I spent just over eight years living in Massachusetts and when I moved back to Los Angeles, one of my very first meals was brunch at Campanile. Why Campanile? It was and continues to be a classic LA institution. Brunch, lunch, or dinner, you can expect a solid meal. Campanile doesn't chase trends, whether it be pork belly, foam, deconstruction, or [insert cool, but overplayed need to die food trend of 2000s].
The focus on good cooking, high quality ingredients, and simplicity is what has allowed Campanile to succeed for so long and become an Los Angeles institution. You know what to expect when you eat here. It is comfort food at its highest level and it doesn't stray far outside the lines.
It's a good thing the La Brea Bakery is their neighbor. That broth is like crack and you'll want a lot of carb rich bread to soak it up.
I have an unnatural fear that pork chops are going to be too dry. I can rest easy knowing that the pork chop at Campanile is anything but dry.
It's always a bad idea to work on these posts at night. Staring at this pic made me really hungry. There was something about the cut of this prime rib that was different from other prime ribs I have had in the past. An end/top piece maybe? If that's the case, now I know why people order the end piece at Lawry's.
The concept of dining "inside" an enclosed courtyard can be lost on those who aren't paying attention. It is an absolutely beautiful space that was originally built in 1929 for Charlie Chaplin. When La Brea Bakery and Camapnile took over the space in 1989, they renovated the entire space and converted the outdoor courtyard into what is the dining room today. If for nothing else, the location is worth a visit.
This stuff didn't come out of a box. A fluffy cloud from heaven is what this mashed potato tastes like.
Service at Campanile is impeccable. It is what you come to expect from a restaurant of this caliber. The staff is regularly checking to make sure that your coffee is topped off, your water glass refilled, and that you are having an enjoyable dining experience. Whether you're a first timer or a regular, you always feel at home when you step in.
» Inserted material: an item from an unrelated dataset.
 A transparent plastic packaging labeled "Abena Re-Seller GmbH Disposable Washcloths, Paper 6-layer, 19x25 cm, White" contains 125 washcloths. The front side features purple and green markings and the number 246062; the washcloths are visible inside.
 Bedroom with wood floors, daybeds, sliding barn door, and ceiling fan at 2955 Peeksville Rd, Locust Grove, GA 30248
There are but a handful of restaurants that excel in food, service, and setting, and Campanile sits near the top. It is not the newest kid on the block and it might not have the flashiest toys, but there is no need for any of those smoke and mirrors.
Good Food + Good Service + No Gimmicks = Staying Power
All that is left for us to ponder now is if Mark Peel's new establishment, The Tar Pit Bar, will have the same staying power as its older sibling Campanile Restaurant.